“問。”
“為什麼是現在?”
這個普通,又一切都在正軌上的時刻。
“不然是什麼時候呢?”李誡反問,“等我帶不走你的時候嗎?”
“我不明白。”趙缭直白道。
李誡緩緩放開趙缭的手,轉過臉,遠遠看着湖中的長天,半天才問:
“如果用一種動物代表李誼,在你心裡,李誼是什麼?”
趙缭沒想到李誼的名字會如此突兀出現,思索一瞬,還是脫口而出:
“狐狸。”
李誡回頭看她,笑了一聲。
“撒謊。”
“……”趙缭沉默片刻,斟酌着道:“毒蛇?”
“還不是。”李誡的眼睛笑彎了,卻還是沒有一絲笑意在眼底。
“缭缭,隻是随口閑聊,你不用如此如臨大敵。
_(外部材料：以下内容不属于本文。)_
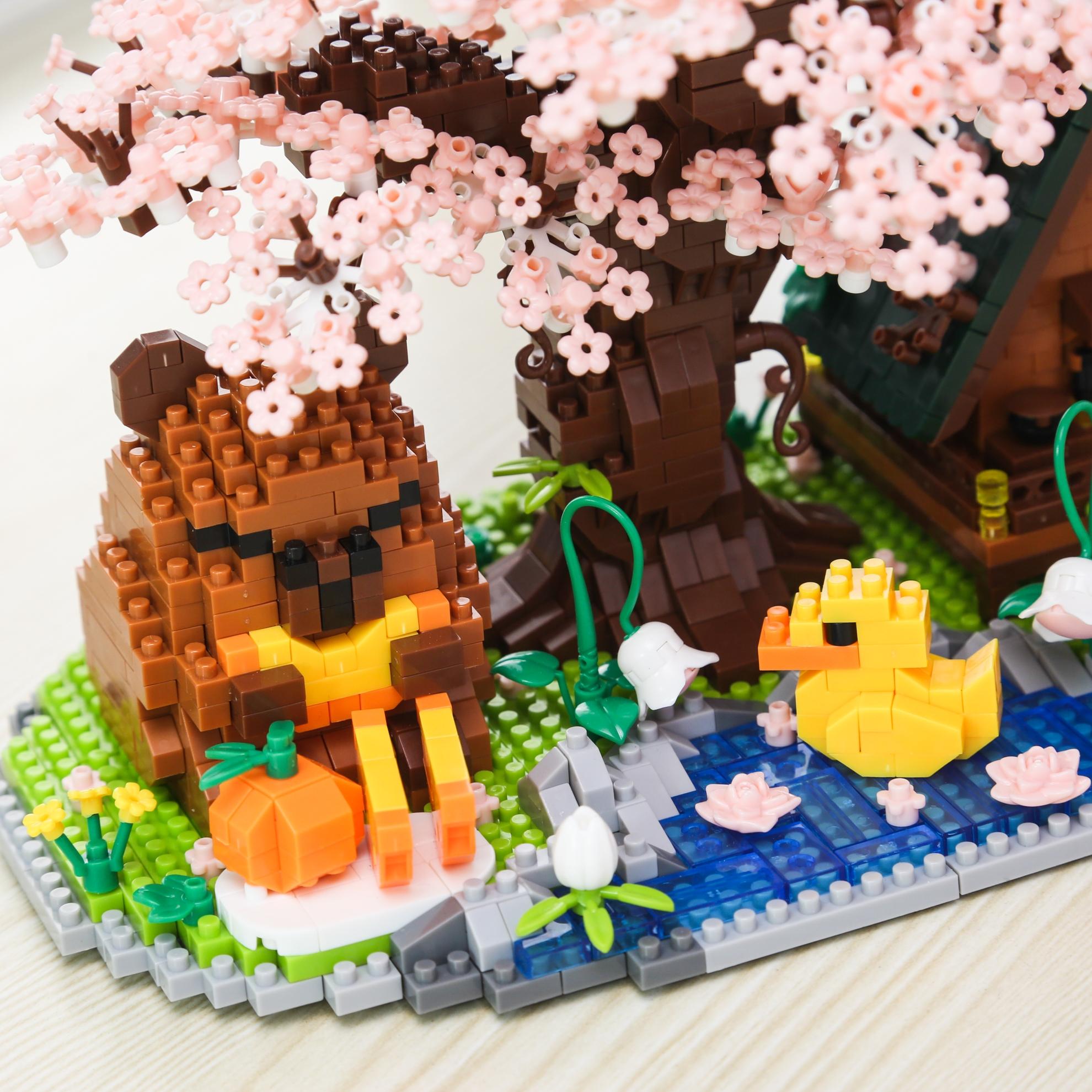 Sakura Tree House Building Blocks Set, Capybara Bricks Kit, Cute Micro Particles Model, Creative DIY Landscape Suite, Home Decor Gift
”
不待趙缭再組織些精妙的謝罪之言,李誡已伸手指向水面。
“在我眼裡,李誼像海妖,或是河妖。”
趙缭眉間微蹙,不解其意。
“古籍有載,水中妖類,貌美聲甜,善舞善歌。
善之又善,蠱惑人心。
悲傷之人聞其歡歌,則喜笑顔開。
喜悅之人聞其悲歌,則怅然淚下。”
李誡回頭問道,比趙缭還疑惑。
“不像李誼嗎?”
趙缭腦海中浮現出的第一個畫面,便是李誼年少時,在父親壽宴上作畫的場景。
沉靜的意氣,生機的謙和,和“妖”字天差地别。
“不像。”趙缭實話實說。
李誡也不辯,隻問道:
“你見過李誼落淚嗎?”
一共沒和李誼見過幾面的趙缭,甚至無需回想,便搖了搖頭。
“那便對了。我第一次有這種想法,是博河之亂平定後,第一次見李誼。
皇上和當時的虞貴妃,也就是當今皇後高立高台,其他皇子站在兩邊。
李誼一個人跪在下面,說是被問話,其實就是他被各方連審多日無果後,被丢出來,放在所有宗親前接受羞辱的懲罰。
皇上問話時,厭棄而憎惡,恨不得生啖其肉。
皇後問話時,故作溫和,卻處處陷阱。
李誼聽他們一個問題一個問題地抛出來,自始至終低着頭,一句話都沒說。
直到皇上皇後不知道問什麼、也不知道該怎麼辦的時候,跪在地上的李誼,緩緩把頭擡了起來。
缭缭,你定是從沒有見過那樣流淚的人。
他的眼眶不是一下就全紅了,而是一圈,一圈,一圈,以肉眼可見的速度,層層層浸透着紅。
然後眼皮、眼睑,全都紅了。
可偏偏,那一滴淚懸在瞳孔中央,光影在上面轉來轉去,就是不落下來。
他就這麼一雙眼,迷茫、哀傷又決絕地看着皇上。
一言未發,但又說盡了千言萬語。
當時别說皇上,就連一向最恨他的皇後,都沒發現自己,眼含憐色。”
隻是聽着,趙缭好像真的從湖面上,看到了那一雙粼粼波光的眼。
哀婉。
“就是那蠱惑人心的一眼,這個真的坐過皇座的人,皇上再恨他、再忌憚他,終究還是沒殺他。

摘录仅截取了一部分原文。